彼らの脳内では防衛システムが働いており、単なる意地やプライドの問題ではありません。
「自己保存の本能、認知的不協和の回避、そして権力欲の維持」――「ごめんなさい」という六文字は、単なる言葉ではなく、自己崩壊の危機そのものなのです。
被害届を出しても、警察の方に「悪人は決して非を認めない」と言われる事例からも分かるように、法的手続きすら彼らの防衛メカニズムを崩せない場合があります。
なぜ彼らはここまで頑なに非を認めないのでしょうか?彼らの心理メカニズムを解き明かすことで、厄介な人間関係への対処法が見えてくるかもしれません。
以下の3つの視点から解説します。
1. 自己保存の本能
悪人の多くは、自分の非を認めることが自己の崩壊につながると無意識に感じています。
彼らの自己イメージは、「私は正しい」という一本の糸で吊るされた豪華なシャンデリアです。

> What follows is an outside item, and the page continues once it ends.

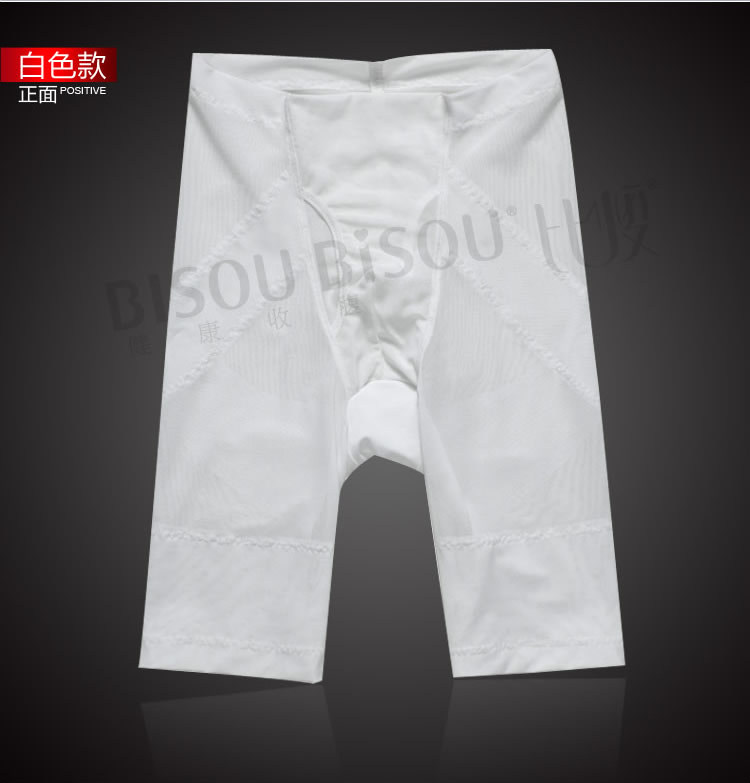 body amincissant BISOU BISOU sexy en nylon - Ref 669975 Image 30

この糸が切れれば、見事に粉々になってしまいます。
これは、精神分析学でいう「防衛機制」の一種で、特に以下のものが関与しています。
- 否認:「そんなことはしていない」と事実を完全に拒絶する。
- 合理化:「自分には正当な理由があった」と説明し、罪を正当化する。
- 投影:「自分ではなく、相手が悪い」と責任を転嫁する。
こうした防衛機制を駆使することで「自分は間違っていない」と信じ続けています。
彼らの脳内では、「私は正しい」というフェイクニュースが24時間365日、休みなく放送されているのです。
2. 認知的不協和の回避
認知的不協和とは、「自分の行動」と「自分の信念」が派手に衝突したときに生じる強いストレスです。
脳内では騒動が起きていて「ええっ、これ本当に私がやったの?」というパーティーが始まっています。

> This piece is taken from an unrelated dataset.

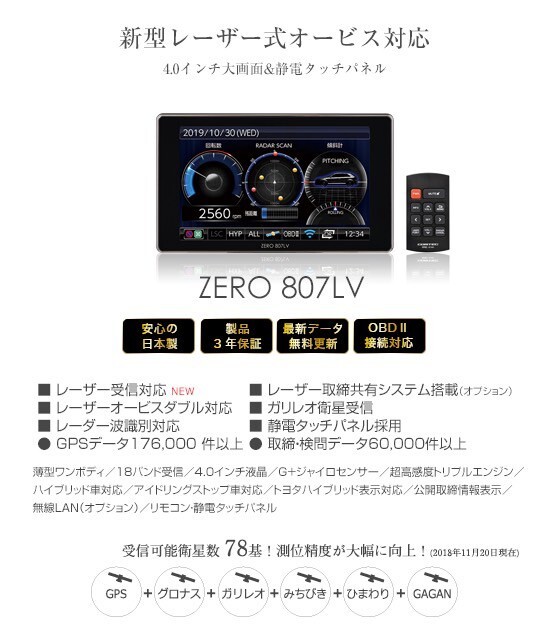 Yahoo!オークション -「zero 807lv」の落札相場・落札価格 Yahoo!オークション -「zero 807lv」の落札相場・落札価格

悪人は、自分を「悪」と認識することに耐えられません。高級レストランでステーキを注文したのに豆腐が出てきたときのような、耐え難い落胆です。
例えば、詐欺師が「自分は人を騙す悪人だ」と思えば、精神的な負担が大きすぎて、自尊心に影響を与えます。
「悪い人間」という重りを背負って生きるのは、雪山をサンダルで登るくらい大変です。
そのため、彼らは「騙される方が悪い」「これは正当な取引だ」と考え、自己を正当化します。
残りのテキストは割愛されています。